Minutos después, salimos al patio. La alegría de Mitchelle es evidente. Me pide que le tome unas fotos junto a las compañeras de Fundación Margen. Posan contentas, con algo parecido al orgullo que se les arranca por la boca. Luego le hago un par de retratos a Mitchelle. Ella mira a la cámara con una cuota de coquetería. Hace rato que pasó los cincuenta años, pero sigue pareciendo una mujer joven. El cliché diría, una mujer joven de espíritu; la verdad es que rezuma esa energía de los que nunca se resisten a dejar de luchar.
Triste y no tan solitario final
Hace unos días me impuse por las redes sociales del deceso de Mitchelle Esperanza Clementi Berríos. La información apuntaba a que había sido internada en estado grave el 20 de marzo, con diagnóstico reservado. Recordé entonces un detalle que me llamó la atención el día que visitamos «El ollón de las putas»: los ataques de tos que le sobrevenían de tanto en tanto obligándola a interrumpir la conversación.
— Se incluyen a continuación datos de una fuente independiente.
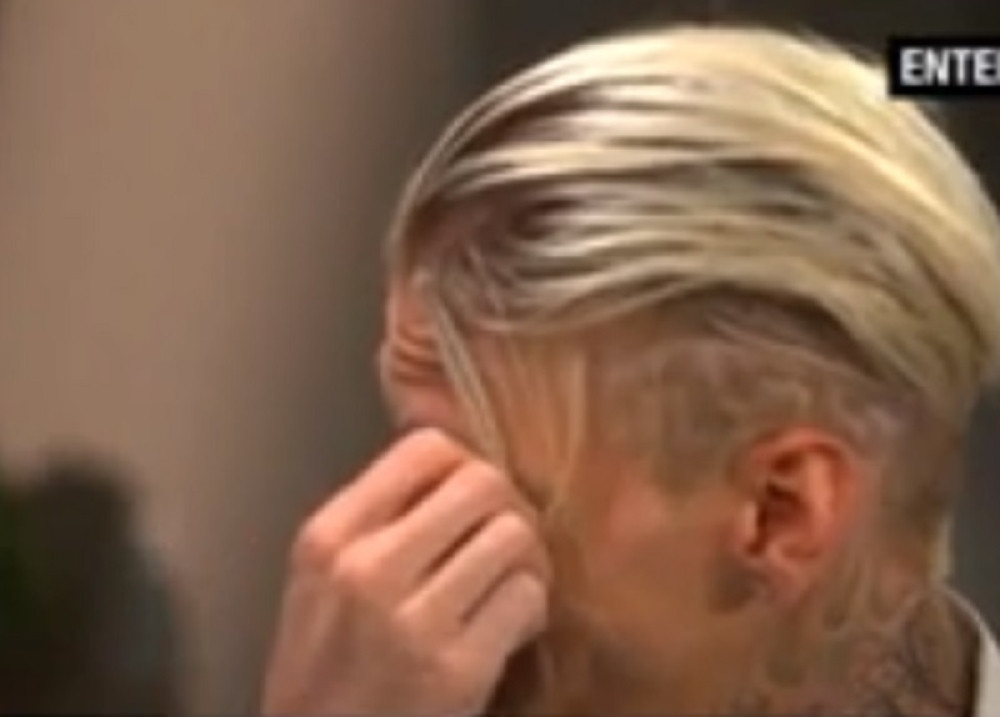 Planetarno popularnog pevača pretukla devojka! Da, dobro ste čuli, devojka! (FOTO)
Su salud se había quebrantado en las últimas semanas a pesar del cuidado de familiares y amigos. Su cuerpo resistió hasta que ya no pudo; la tarde del domingo 27 murió.
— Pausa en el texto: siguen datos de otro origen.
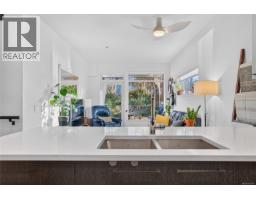 101 7162 West Saanich Rd, Central Saanich, BC V8M1P6 Photo 11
Me cuentan que la velaron durante dos noches en un local conocido como «La tanguería» —ubicado en avenida Francia 645—, que fue despedida como se merecía, en un ritual bebido, cantado, llorado y reído. Queda la deuda de esa casa de acogida con la que soñó y su ejemplo de lucha y resistencia, del que muchos no supieron o no quisieron saber, pero que perdurará en la memoria de esa patria vulnerable y vulnerada que ella defendió hasta el último de sus días.
Ahora que ya no está, resuenan en los cerros de Valparaíso, esas líneas del manifiesto escrito por Pedro Lemebel y que perfectamente pudieron haber sido dichas por la boca de Mitchelle: «Hay tantos niños que van a nacer / con una alita rota / y yo quiero que vuelen compañero / que su revolución / les dé un pedazo de cielo rojo / para que puedan volar».